For such a femto cell, standardization is ongoing in the name of Home eNodeB by 3GPP WCDMA and LTE group, and 3GPP2 is also actively studying femto cell.
Various structures as illustrated in FIGS. 1 and 2 have been proposed in order to implement such a femto cell in the existing mobile communication network.
First, FIG. 1 illustrates an example of a network structure based on femto cells according to the related art.
As shown in FIG. 1, a macro base station (M-BS) serving a wider area and a plurality of femto base stations (f-BSs) installed based on users.
The f-BSs are connected with a femto cell network controller (FNC) through the Internet so as to be under the control of the FNC, and provide services to users.
A terminal measures signals of neighboring cells and delivers the measured signal values to its f-BS, and the f-BS recognizes and administers the presence of neighboring cells based on the received signal values. Also, the f-BSs exchange information through a direct link or an indirect link through the FNC. The f-BSs and the M-BS transmit and receive information through the FNC, an RNC (Radio Network Controller) or through an MME (Mobility Management Entity) that controls the f-BSs in a mobile communication network.
FIG. 2 illustrates a handover process in the system illustrated in FIG. 1.
With reference to FIG. 2, the terminal 10 periodically measures signals of the neighbor BSs while communicating with the serving BS 21, and transmits the measurement results including a value of the strength of the measured signal to the serving BS 21. The serving BS 21 may be the foregoing macro BS or the femto BS.
The serving BS 21 determines a target BS as a BS having a signal strength suitable for the terminal 10 to perform handover, among neighbor BSs, based on the measurement results, and then, in order to make the terminal 10 perform handover to the determined target BS, the serving BS 21 transmits a handover (HO) request message. The HO request message includes the information required for the handover, e.g., a cell ID (serving cell, target cell) and context of the terminal, the reason for performing handover, information of a movement path of the terminal (UE history information). The context of the terminal includes security, QoS, a user priority level, and the like.

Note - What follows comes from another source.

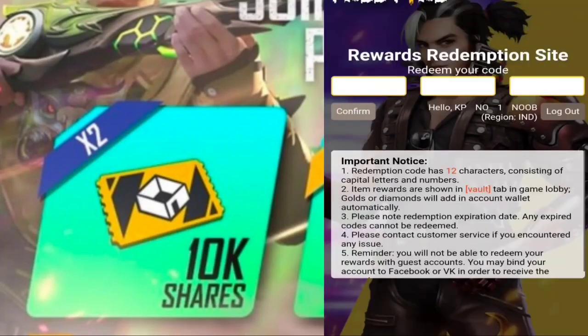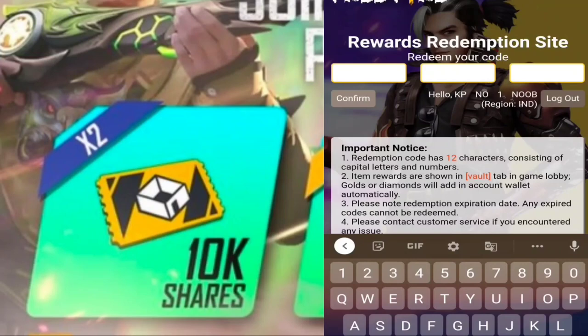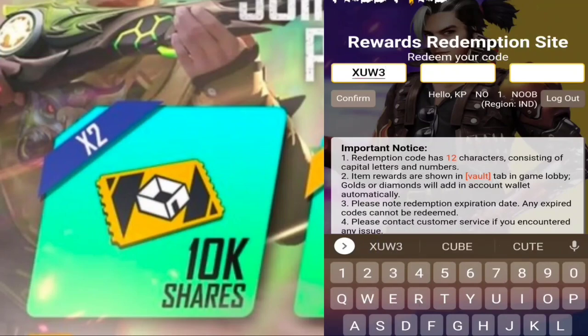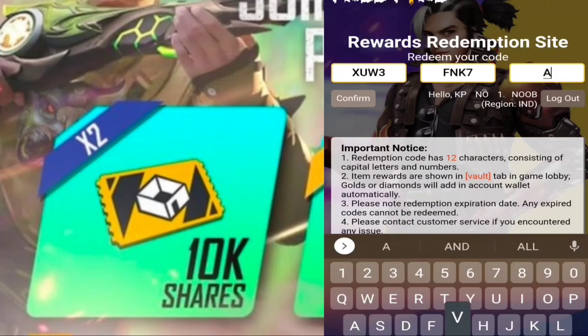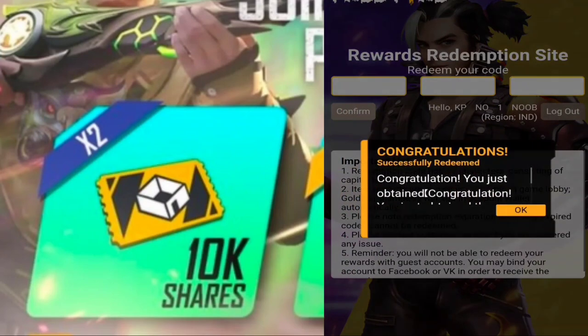If you have a code, we will show you the full name card in capital letters. We will also show you the same card. Now we are going to take the first part. Now we will show you the two cards. The third one is AV8N.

Upon receiving the handover request message, the target BS 22 transmits a HO Request Confirm message to the serving BS 21, to inform that whether or not handover is allowed. Upon receiving the HO Request Confirm message, the serving BS 21 forwards data traffic of the terminal to the target BS 22.
The serving BS 21, transmits a handover (HO) command message to the terminal 10 to command the terminal 10 to perform handover to the target BS 22. Upon receiving the HO command message, the terminal 10 performs a handover (HO) execution process to access the target BS 22.
Meanwhile, the serving BS 21 and the target BS 22 may be macro BSs or femto BSs. In case of handover performed between the macro BS and the femto BS, the foregoing messages are transmitted or received among the femto BS, the MME, and the serving BS through the general Internet, and in this case, the Internet cannot guarantee no delay of the messages nor guarantee QoS such that the messages have a higher transmission priority level, causing handover to be delayed.
As mentioned above, when the terminal performs handover to the target femto BS or newly access the target femto BS, delay may occur because the related messages are transmitted and received through the Internet.